** WORK TO BE COMPLETED **
The material below holds pictures; leave them out, and copy exactly, and only, the lines from the one with "湖北省当阳市2021-202" through the last.

DATA SECTION Start Marker

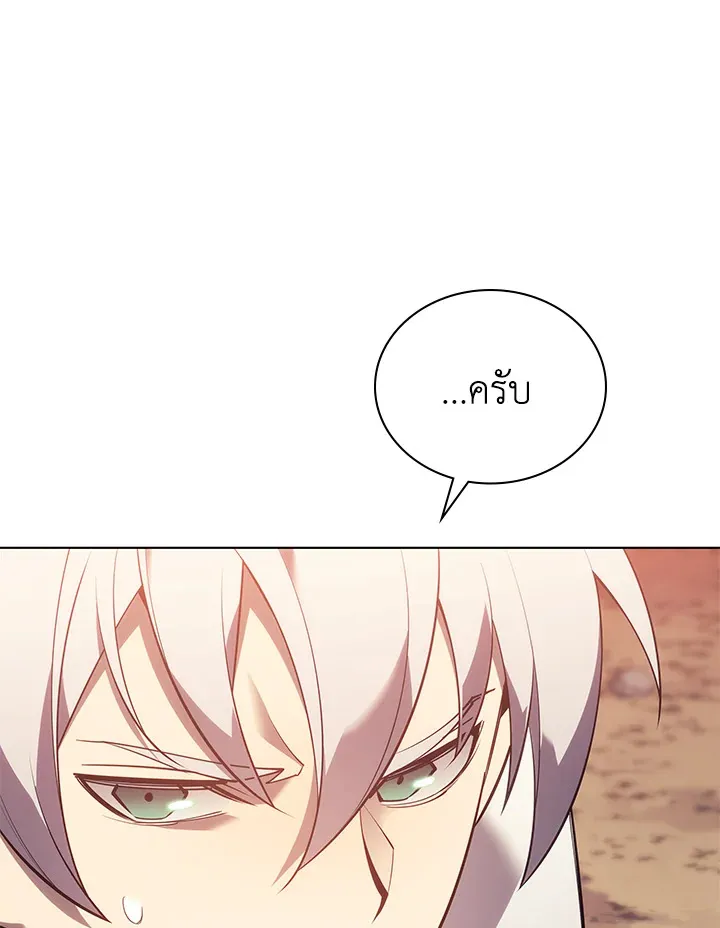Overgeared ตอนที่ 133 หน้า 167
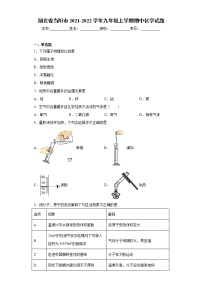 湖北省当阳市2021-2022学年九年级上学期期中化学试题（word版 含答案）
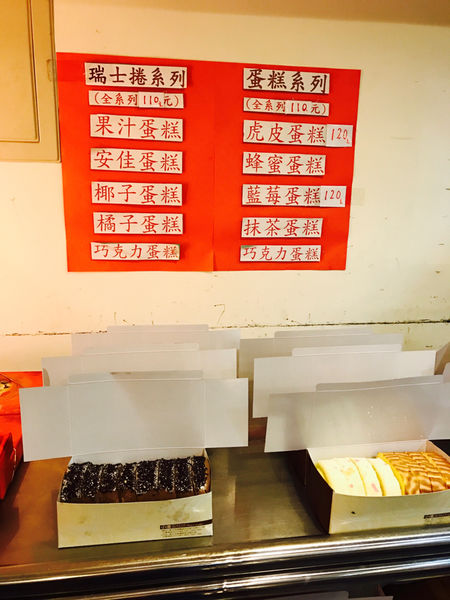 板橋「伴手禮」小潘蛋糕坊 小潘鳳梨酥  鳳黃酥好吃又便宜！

DATA SECTION End Marker

** RESULT OF THE TASK **
 湖北省当阳市2021-2022学年九年级上学期期中化学试题（word版 含答案）
 板橋「伴手禮」小潘蛋糕坊 小潘鳳梨酥  鳳黃酥好吃又便宜！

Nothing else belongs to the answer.